10:20 domas: copied in mysql build from db16 to db12 - db12 was running gcc-4.2 one, and in crashloop. next crash will bring up proper build :)
September 6
20:15 river: failure of many hosts at knams (including lvs), moved to authdns-scenario knams-down
14:45 JeLuF: started to rsync enwiki images from amane to storage1 in preparation of tomorrow's final move of the image directory
04:24 Tim: sync-file screwup caused thumbnails to be created in the source image directory. Will try to repair.
03:13 Tim: srv151 is depooled for some reason. No indication as to why in the logs or config files. Using it to test the new wikimedia-task-appserver package. Will repool once I get it working properly.
September 4
22:15 JeLuF: Switched srv179's mysql to read_only
22:10 JeLuF: OTRS back online, switched to db9. Changed exim config on mchenry, too.
20:00 JeLuF,RobH: Shut down OTRS, migrating its DB from srv179 to db9
19:31 mark: Many boxes still in inconsistent state because of OOM kills. Some background processes not running (e.g. ntpd).
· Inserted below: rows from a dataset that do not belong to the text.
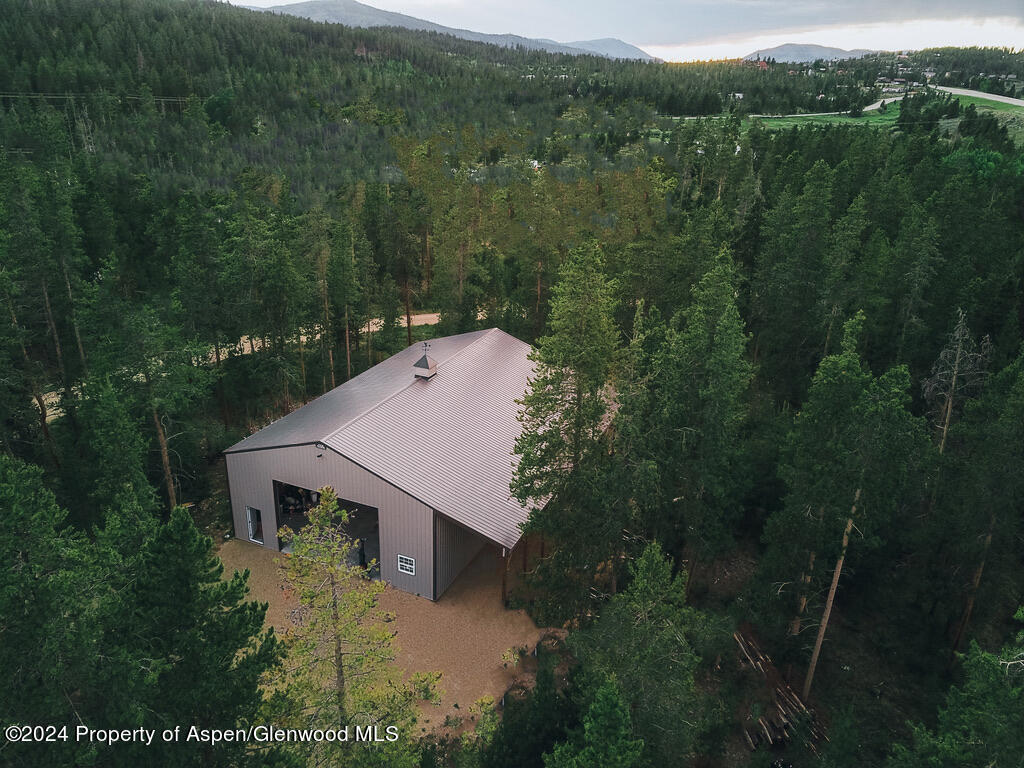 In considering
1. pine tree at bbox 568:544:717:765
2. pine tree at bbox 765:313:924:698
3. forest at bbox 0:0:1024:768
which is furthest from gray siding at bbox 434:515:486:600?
pine tree at bbox 765:313:924:698

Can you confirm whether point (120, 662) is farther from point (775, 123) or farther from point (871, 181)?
point (775, 123)

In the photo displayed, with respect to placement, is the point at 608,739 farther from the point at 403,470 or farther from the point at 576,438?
the point at 403,470

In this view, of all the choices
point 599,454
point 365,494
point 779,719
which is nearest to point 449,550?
point 365,494

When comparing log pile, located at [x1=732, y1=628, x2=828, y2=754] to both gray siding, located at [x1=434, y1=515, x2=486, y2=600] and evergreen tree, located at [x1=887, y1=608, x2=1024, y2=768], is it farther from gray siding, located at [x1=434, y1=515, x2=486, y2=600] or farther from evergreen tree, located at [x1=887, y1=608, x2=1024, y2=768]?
gray siding, located at [x1=434, y1=515, x2=486, y2=600]

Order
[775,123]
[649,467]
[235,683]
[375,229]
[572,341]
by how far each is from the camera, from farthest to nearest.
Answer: [775,123], [375,229], [572,341], [649,467], [235,683]

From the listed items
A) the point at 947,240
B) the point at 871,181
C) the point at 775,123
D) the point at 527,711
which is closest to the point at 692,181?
the point at 871,181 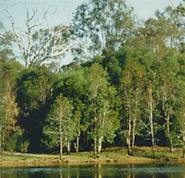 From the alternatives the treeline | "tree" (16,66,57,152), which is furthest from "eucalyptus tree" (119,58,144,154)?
"tree" (16,66,57,152)

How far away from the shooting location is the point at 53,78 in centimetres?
9119

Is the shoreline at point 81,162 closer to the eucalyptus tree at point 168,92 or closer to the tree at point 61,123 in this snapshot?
the tree at point 61,123

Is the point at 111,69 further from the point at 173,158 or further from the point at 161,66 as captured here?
the point at 173,158

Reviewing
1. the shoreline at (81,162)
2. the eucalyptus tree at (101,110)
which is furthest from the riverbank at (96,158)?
the eucalyptus tree at (101,110)

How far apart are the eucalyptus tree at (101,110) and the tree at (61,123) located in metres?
3.18

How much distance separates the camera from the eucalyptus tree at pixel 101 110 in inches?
3083

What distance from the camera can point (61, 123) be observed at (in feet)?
247

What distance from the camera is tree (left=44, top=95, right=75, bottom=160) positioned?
7531 centimetres

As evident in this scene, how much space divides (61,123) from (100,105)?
6357mm

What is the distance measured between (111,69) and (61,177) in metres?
39.6

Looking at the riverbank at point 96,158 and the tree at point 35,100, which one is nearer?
the riverbank at point 96,158

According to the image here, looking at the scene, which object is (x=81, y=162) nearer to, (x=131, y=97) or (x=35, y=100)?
(x=131, y=97)

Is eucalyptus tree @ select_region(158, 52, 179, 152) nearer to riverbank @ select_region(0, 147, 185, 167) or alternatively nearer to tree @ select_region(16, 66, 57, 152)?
riverbank @ select_region(0, 147, 185, 167)

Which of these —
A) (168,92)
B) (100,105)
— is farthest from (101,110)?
(168,92) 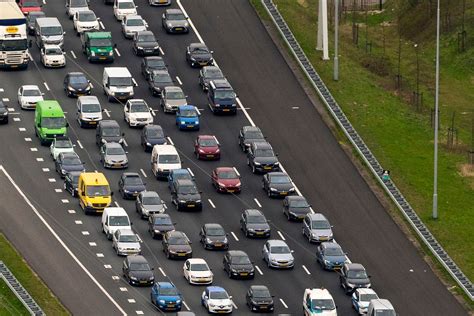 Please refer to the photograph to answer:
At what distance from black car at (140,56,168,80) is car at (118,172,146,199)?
21.0m

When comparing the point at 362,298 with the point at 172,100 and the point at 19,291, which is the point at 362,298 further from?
the point at 172,100

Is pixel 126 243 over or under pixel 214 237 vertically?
over

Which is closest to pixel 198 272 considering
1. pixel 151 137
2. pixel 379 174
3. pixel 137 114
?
pixel 151 137

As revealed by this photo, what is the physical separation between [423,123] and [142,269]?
40525mm

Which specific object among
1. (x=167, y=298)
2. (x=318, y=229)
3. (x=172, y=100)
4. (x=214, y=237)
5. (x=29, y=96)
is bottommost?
(x=318, y=229)

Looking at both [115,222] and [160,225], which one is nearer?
[115,222]

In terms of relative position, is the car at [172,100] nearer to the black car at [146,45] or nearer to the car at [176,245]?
the black car at [146,45]

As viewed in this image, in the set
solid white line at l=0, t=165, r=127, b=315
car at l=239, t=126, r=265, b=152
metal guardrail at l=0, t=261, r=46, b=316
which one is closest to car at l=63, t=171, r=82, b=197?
solid white line at l=0, t=165, r=127, b=315

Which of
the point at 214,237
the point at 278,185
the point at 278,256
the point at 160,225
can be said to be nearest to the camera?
the point at 278,256

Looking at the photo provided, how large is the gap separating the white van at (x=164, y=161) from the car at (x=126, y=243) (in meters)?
12.5

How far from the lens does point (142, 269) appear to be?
158 meters

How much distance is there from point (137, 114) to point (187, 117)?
4113mm

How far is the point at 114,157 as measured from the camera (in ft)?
577

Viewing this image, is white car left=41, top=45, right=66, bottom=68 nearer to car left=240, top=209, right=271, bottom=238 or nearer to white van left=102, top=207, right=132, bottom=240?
white van left=102, top=207, right=132, bottom=240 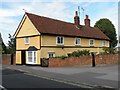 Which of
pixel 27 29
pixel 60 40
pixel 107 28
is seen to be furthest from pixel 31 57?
pixel 107 28

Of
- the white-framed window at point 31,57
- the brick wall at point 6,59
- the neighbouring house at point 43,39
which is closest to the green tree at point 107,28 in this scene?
the neighbouring house at point 43,39

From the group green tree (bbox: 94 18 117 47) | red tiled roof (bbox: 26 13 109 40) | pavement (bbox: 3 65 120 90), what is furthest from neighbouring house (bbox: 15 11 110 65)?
green tree (bbox: 94 18 117 47)

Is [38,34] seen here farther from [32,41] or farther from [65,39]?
[65,39]

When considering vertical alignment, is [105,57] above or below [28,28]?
below

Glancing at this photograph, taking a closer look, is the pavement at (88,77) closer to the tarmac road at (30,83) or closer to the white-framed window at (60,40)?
the tarmac road at (30,83)

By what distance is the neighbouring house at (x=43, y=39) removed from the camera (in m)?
31.7

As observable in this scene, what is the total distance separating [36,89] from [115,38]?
55325 mm

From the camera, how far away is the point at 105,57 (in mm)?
28922

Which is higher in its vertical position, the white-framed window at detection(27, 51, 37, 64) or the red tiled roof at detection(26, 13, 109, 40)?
the red tiled roof at detection(26, 13, 109, 40)

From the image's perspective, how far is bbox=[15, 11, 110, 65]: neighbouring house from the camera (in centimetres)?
3167

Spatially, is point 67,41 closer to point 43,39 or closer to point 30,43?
point 43,39

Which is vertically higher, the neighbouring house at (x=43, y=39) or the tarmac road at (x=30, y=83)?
the neighbouring house at (x=43, y=39)

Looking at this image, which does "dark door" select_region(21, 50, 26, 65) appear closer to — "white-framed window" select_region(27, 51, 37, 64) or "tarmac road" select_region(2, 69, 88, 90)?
"white-framed window" select_region(27, 51, 37, 64)

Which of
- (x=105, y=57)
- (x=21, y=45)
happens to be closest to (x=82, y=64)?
(x=105, y=57) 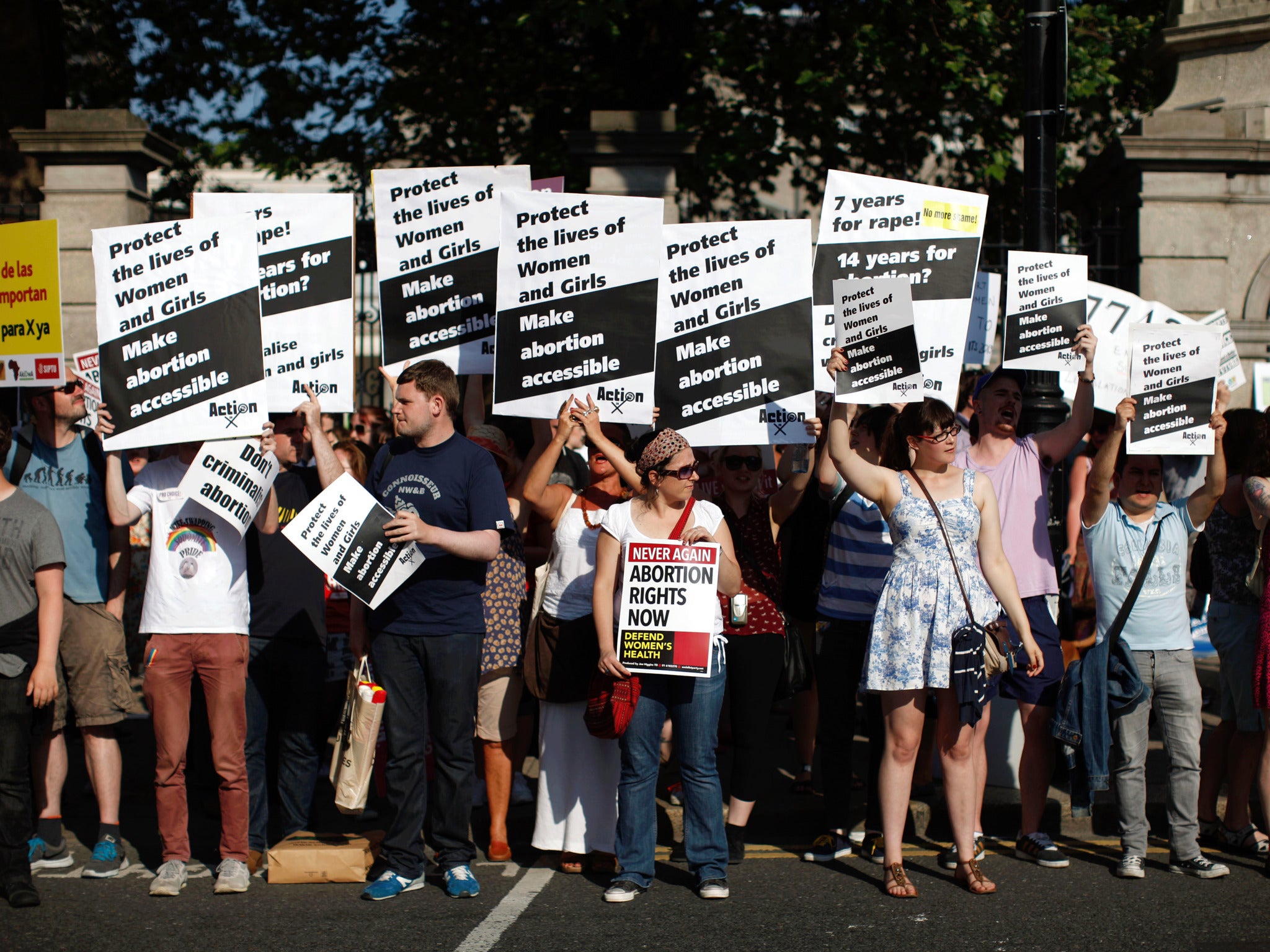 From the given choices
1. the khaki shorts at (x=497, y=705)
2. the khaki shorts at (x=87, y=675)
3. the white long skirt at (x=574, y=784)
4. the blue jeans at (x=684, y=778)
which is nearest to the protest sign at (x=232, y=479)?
the khaki shorts at (x=87, y=675)

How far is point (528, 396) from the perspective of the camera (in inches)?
243

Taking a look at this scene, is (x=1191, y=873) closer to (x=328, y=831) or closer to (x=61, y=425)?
(x=328, y=831)

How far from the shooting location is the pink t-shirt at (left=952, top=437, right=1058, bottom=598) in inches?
236

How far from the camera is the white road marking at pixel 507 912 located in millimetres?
4848

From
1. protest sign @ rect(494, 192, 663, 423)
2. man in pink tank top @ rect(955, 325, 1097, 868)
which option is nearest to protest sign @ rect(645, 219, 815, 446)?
protest sign @ rect(494, 192, 663, 423)

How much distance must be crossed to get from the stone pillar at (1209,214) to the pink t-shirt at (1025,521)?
4.39m

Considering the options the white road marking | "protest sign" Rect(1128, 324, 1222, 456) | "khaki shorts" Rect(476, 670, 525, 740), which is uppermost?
"protest sign" Rect(1128, 324, 1222, 456)

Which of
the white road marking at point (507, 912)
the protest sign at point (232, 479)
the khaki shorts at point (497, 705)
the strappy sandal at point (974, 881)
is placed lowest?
the white road marking at point (507, 912)

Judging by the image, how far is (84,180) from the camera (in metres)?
9.91

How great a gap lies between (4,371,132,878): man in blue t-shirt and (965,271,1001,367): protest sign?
14.9 ft

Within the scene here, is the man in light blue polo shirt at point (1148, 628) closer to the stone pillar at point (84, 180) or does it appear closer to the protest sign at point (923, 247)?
the protest sign at point (923, 247)

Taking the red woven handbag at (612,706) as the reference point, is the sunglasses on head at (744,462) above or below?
above

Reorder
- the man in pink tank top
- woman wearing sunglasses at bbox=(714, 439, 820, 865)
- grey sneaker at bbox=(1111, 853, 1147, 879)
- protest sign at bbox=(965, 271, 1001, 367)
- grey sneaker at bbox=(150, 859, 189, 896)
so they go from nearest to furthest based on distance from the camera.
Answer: grey sneaker at bbox=(150, 859, 189, 896)
grey sneaker at bbox=(1111, 853, 1147, 879)
woman wearing sunglasses at bbox=(714, 439, 820, 865)
the man in pink tank top
protest sign at bbox=(965, 271, 1001, 367)

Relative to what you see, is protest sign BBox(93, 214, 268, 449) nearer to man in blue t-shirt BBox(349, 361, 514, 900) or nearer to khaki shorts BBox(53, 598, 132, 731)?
man in blue t-shirt BBox(349, 361, 514, 900) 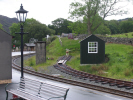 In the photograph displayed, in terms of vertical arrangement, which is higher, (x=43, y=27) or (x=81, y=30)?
(x=43, y=27)

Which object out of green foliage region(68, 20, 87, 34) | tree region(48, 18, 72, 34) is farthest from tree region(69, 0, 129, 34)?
tree region(48, 18, 72, 34)

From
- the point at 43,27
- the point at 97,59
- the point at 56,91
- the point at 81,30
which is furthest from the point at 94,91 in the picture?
the point at 43,27

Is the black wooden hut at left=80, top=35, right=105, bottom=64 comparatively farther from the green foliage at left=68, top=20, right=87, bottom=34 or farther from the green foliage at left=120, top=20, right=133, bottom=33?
the green foliage at left=120, top=20, right=133, bottom=33

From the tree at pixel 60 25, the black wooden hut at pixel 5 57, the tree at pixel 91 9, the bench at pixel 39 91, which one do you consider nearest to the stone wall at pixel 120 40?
the tree at pixel 91 9

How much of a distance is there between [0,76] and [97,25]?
110ft

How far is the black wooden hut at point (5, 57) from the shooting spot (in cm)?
1332

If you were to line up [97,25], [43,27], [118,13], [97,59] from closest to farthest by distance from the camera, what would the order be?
[97,59] → [118,13] → [97,25] → [43,27]

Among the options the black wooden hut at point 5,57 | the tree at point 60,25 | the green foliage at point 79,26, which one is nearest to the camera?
the black wooden hut at point 5,57

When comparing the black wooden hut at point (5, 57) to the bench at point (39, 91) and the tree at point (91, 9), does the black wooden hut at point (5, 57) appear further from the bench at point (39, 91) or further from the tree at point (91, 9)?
the tree at point (91, 9)

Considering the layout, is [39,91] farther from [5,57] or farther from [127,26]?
[127,26]

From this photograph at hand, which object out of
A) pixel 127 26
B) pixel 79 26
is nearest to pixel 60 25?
pixel 127 26

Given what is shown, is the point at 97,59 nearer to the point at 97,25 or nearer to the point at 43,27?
the point at 97,25

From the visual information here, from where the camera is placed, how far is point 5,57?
13.5 metres

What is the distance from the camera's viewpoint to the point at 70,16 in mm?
42594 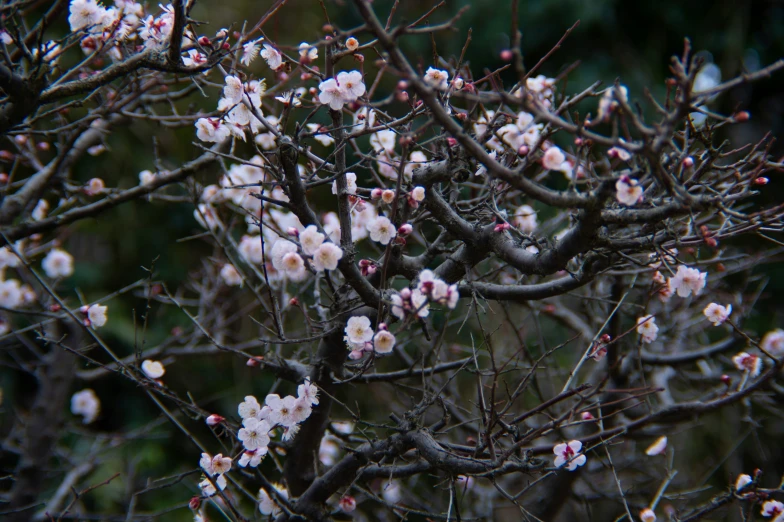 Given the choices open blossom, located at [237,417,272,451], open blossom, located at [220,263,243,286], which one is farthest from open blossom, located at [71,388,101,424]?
open blossom, located at [237,417,272,451]

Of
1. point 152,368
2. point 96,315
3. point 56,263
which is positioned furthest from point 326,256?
point 56,263

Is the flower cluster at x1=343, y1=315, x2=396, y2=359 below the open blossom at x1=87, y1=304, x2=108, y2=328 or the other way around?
below

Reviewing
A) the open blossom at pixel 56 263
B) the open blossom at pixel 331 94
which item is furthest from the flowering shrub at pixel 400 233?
the open blossom at pixel 56 263

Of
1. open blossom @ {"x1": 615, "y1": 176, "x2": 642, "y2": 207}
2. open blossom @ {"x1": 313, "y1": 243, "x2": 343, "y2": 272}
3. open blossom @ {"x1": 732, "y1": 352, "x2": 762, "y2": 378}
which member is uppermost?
open blossom @ {"x1": 313, "y1": 243, "x2": 343, "y2": 272}

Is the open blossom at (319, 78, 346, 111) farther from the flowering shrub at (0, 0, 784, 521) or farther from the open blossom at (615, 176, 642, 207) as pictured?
the open blossom at (615, 176, 642, 207)

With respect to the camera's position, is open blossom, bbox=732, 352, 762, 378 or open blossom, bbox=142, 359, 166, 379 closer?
open blossom, bbox=142, 359, 166, 379

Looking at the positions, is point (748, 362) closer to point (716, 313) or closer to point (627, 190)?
point (716, 313) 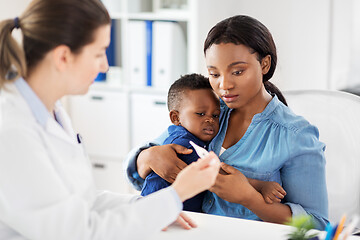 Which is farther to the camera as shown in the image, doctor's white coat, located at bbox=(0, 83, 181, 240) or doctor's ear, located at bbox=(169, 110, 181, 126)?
doctor's ear, located at bbox=(169, 110, 181, 126)

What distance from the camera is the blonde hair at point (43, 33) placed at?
3.26ft

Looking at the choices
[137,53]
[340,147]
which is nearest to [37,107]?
[340,147]

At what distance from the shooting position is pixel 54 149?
99 centimetres

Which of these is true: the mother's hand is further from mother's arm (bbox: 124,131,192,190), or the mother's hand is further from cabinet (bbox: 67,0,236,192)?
cabinet (bbox: 67,0,236,192)

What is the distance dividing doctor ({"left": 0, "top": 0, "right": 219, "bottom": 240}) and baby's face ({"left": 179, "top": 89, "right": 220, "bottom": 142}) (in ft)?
1.72

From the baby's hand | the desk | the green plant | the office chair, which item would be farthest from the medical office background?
the green plant

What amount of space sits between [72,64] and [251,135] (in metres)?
0.63

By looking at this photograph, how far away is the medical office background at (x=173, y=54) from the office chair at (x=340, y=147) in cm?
135

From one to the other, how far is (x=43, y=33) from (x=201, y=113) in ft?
2.34

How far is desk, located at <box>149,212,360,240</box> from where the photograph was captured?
114 cm

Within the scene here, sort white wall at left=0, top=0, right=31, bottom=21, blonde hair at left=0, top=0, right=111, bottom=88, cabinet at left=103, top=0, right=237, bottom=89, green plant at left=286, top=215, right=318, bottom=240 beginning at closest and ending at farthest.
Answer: green plant at left=286, top=215, right=318, bottom=240 < blonde hair at left=0, top=0, right=111, bottom=88 < cabinet at left=103, top=0, right=237, bottom=89 < white wall at left=0, top=0, right=31, bottom=21

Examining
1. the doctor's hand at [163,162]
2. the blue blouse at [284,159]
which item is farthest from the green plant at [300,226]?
the doctor's hand at [163,162]

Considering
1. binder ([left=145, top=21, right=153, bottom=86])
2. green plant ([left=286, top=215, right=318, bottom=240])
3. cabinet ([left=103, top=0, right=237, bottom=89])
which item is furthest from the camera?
binder ([left=145, top=21, right=153, bottom=86])

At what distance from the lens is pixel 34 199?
2.97 ft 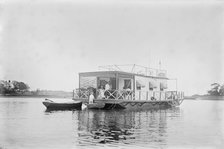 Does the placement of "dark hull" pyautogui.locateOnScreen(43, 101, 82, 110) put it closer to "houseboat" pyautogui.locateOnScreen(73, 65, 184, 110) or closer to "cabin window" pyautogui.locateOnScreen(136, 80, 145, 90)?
"houseboat" pyautogui.locateOnScreen(73, 65, 184, 110)

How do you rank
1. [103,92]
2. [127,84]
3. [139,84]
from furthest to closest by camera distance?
[127,84] < [139,84] < [103,92]

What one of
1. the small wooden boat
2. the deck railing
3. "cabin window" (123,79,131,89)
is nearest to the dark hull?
the small wooden boat

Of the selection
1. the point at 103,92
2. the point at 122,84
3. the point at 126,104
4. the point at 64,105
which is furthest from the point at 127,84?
the point at 64,105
Rebooted srv159, srv182, srv154, srv156, srv157, srv158, srv181, srv188
19:28 mark: scap
19:01 mark: Killed all stuck convert processes on srv151..srv188 (but left srv189 intact for debugging)
18:33 mark: Many application servers are running out of memory, one by one. This seems to be caused by stuck thumbnail convert processes which end up there. The thumbnail convert processes on the regular apaches are indirectly caused by the API, and is opensearch/prefixsearch/allpages related - but I get lost in that code. One sample url is http://en.wikipedia.org/w/api.php?action=opensearch&search=Gina&format=xml Another interesting and likely related question is why many apaches can no longer reach storage1 NFS...
17:07 RobH: Restarted ssh process which had stalled on srv188.